Chapitre IX

-Et bien ma p'tite c'est qu'on saurait pas nager! dit l'homme qui relâcha les bras de la jeune fille.

-Pourquoi... Pourquoi!

Il s'interrogea quelques instant sur le passé de cette inconnue. Son regard se tourna sur cette marque qui semblait battre à l'unisson avec le rythme cardiaque de la brune, - sur cette cicatrice qui désignait une malédiction pire que la mort – il pensa qu'elle était dorénavant une bête marqué au fer rouge, un bien que possédait cette créature de l'outre-monde. Ses iris se tournèrent par la suite sur son corps, se heurtant à la nudité de cette Ève nouvelle, c'est alors qu'il ôta sa chemise, tel un preux chevalier, afin de la placer sur le corps tremblant de sa pensionnaire. A cette vue, sa femme se hâta à leurs côtés, elle jeta un regard interrogateur à son mari qui lui répondit d'un signe de tête en direction de la femme, tremblante. Elle marmonnait toujours ces quelques paroles inaudibles à leurs ouïes, une plainte, un requiem sans nom, qui les terrifiaient.

-Natsuki.

Elle ne bougea pas à l'entente de son nom, espérant qu'elle était la seule à l'entendre, que cette voix avait été crée par ses peurs, par un esprit malade! Elle espérait tant que ce ne soit que son esprit devenu fou qui lui avait offert cette vision et qui maintenant l'obligeait à entendre cette voix si douce et pourtant si dangereuse et cruelle... Ce n'est qu'après avoir reçue quelques goûtes d'un liquide chaud qu'elle releva son regard vers ces deux paysans. L'homme, fut décapité en un instant, tandis que sa femme resta bouche-bée, ne comprenant pas pourquoi le visage de son mari roulait à cet instant jusqu'à ses pieds.

-Que..

A peine eut-elle commencée sa phrase qu'une main forte lui brisa la nuque, retournant complètement le visage de cette dernière vers son agresseur.
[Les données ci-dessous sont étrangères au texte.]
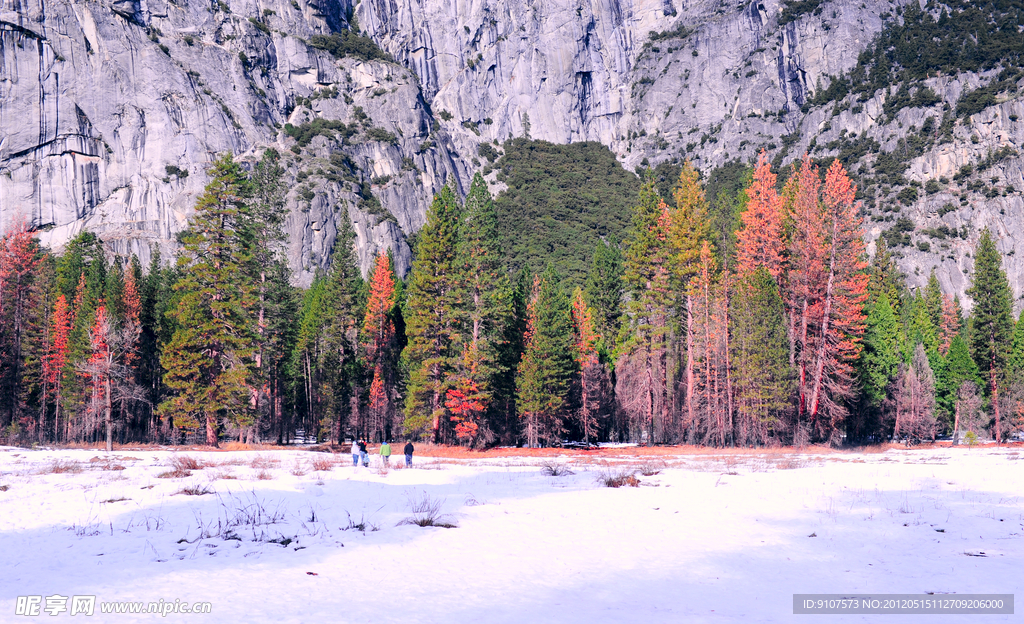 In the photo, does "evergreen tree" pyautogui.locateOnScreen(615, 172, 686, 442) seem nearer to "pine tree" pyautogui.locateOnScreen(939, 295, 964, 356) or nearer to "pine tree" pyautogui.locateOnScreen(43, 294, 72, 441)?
"pine tree" pyautogui.locateOnScreen(939, 295, 964, 356)

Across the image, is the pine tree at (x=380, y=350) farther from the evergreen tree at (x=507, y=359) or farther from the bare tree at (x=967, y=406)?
the bare tree at (x=967, y=406)

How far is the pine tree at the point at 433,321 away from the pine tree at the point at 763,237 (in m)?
21.1

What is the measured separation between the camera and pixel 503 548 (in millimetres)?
8758

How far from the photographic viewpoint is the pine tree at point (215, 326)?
35.4m

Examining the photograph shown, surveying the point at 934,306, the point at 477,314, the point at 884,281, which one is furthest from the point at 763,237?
the point at 934,306

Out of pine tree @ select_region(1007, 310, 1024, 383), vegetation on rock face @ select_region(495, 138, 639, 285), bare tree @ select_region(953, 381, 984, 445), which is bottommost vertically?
bare tree @ select_region(953, 381, 984, 445)

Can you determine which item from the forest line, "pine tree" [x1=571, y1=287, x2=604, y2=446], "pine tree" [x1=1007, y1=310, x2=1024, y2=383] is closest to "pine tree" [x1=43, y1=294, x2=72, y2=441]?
the forest line

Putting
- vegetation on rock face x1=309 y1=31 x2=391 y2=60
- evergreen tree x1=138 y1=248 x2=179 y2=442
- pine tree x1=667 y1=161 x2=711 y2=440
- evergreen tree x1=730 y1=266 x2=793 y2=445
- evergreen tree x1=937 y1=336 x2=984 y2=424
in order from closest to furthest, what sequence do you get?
1. evergreen tree x1=730 y1=266 x2=793 y2=445
2. pine tree x1=667 y1=161 x2=711 y2=440
3. evergreen tree x1=138 y1=248 x2=179 y2=442
4. evergreen tree x1=937 y1=336 x2=984 y2=424
5. vegetation on rock face x1=309 y1=31 x2=391 y2=60

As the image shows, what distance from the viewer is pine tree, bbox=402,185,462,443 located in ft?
127

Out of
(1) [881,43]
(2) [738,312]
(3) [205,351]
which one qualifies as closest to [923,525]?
(2) [738,312]

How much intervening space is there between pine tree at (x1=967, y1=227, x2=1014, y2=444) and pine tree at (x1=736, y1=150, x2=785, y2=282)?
2460 cm

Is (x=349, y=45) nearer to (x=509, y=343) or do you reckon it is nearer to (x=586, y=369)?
(x=586, y=369)

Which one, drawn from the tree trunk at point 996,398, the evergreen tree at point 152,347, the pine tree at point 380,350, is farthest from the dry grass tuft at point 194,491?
the tree trunk at point 996,398

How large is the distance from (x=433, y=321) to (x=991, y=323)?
51.4m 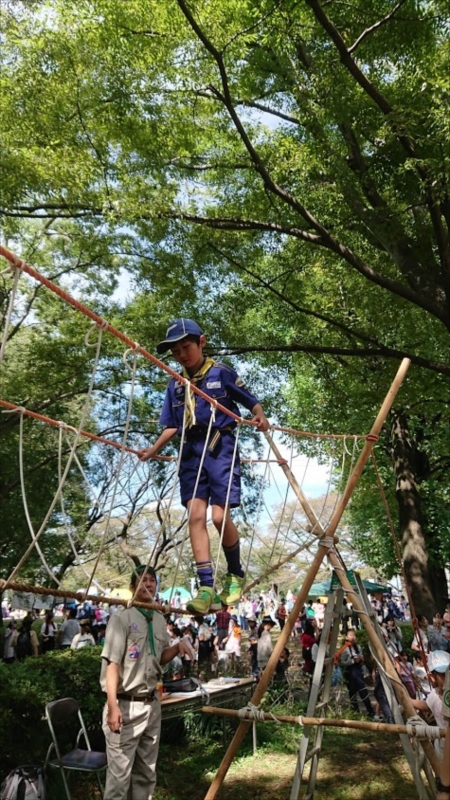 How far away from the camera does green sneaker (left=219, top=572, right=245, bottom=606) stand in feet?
9.91

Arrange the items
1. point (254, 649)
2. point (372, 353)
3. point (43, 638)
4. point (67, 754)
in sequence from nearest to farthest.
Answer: point (67, 754) < point (372, 353) < point (254, 649) < point (43, 638)

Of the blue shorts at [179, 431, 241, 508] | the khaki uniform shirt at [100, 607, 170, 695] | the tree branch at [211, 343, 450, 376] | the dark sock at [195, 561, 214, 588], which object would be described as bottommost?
the khaki uniform shirt at [100, 607, 170, 695]

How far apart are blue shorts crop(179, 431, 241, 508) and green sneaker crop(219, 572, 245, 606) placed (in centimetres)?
43

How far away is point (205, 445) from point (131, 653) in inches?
51.7

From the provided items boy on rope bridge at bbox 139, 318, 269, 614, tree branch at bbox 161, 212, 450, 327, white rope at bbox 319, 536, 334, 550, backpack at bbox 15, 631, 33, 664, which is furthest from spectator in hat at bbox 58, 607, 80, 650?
boy on rope bridge at bbox 139, 318, 269, 614

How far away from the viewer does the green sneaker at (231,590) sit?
119 inches

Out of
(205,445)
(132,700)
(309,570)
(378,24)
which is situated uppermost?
(378,24)

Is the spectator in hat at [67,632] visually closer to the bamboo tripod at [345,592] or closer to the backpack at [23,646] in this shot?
the backpack at [23,646]

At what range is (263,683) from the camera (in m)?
2.96

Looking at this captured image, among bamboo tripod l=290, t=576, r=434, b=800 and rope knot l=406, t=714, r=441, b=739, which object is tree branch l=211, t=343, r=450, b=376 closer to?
bamboo tripod l=290, t=576, r=434, b=800

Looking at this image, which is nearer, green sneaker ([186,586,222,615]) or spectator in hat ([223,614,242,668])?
green sneaker ([186,586,222,615])

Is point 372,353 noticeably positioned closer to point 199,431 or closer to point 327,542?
point 327,542

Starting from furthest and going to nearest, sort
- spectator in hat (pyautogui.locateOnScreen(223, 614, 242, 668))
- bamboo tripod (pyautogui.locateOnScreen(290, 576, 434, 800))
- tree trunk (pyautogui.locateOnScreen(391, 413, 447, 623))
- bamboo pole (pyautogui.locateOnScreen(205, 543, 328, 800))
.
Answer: spectator in hat (pyautogui.locateOnScreen(223, 614, 242, 668))
tree trunk (pyautogui.locateOnScreen(391, 413, 447, 623))
bamboo tripod (pyautogui.locateOnScreen(290, 576, 434, 800))
bamboo pole (pyautogui.locateOnScreen(205, 543, 328, 800))

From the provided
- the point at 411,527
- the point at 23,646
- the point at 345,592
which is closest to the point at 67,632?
the point at 23,646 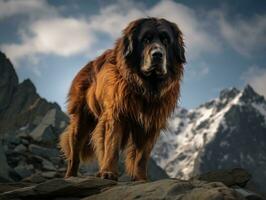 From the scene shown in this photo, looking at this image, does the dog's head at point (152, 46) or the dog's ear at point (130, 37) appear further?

-Ara. Je commençais à croire que ces gens cherchaient à te dérober à moi... Natsuki agrippa le linge avec force.

-Pour...Quoi... Pourquoi ne meurs-tu pas!

Elle s'élança dans un nouveau duel, elle semblait être destinée à combattre cette femme jusqu'à ce que la flamme qui l'habite ne soit plus. Shizuru, elle, s'amusait à nouveau à ses dépends, jouant avec sa colère, ses faiblesses. Elle attrapa l'un des poings qui s'apprêtait à atterrir douloureusement sur son visage, puis souleva cet insecte qui osait s'en prendre à elle - toisant l'enfant avec plaisir, lui montrant sa supériorité.

-...Le corps de Natsuki est toujours une véritable merveille... susurra t-elle dans l'oreille de sa captive avant de dériver sur ses lèvres. Natsuki m'autoriserait-elle un baiser de ses lèvres, si exquises, que je n'ai pu goûter depuis tant de temps?

La chasseresse fixa un instant le démon avant de céder au désir de ce dernier, désir qui semblait le consumer depuis bien longtemps. Elle approcha son corps nu du vampire, l'autorisant ainsi à porter une main délicate sur son être - un sourire taquin se dessina sur ses lèvres. A cet instant, la créature de la nuit crue entrevoir chez cette humaine un abandon de soi, la capitulation qu'elle avait tant attendue.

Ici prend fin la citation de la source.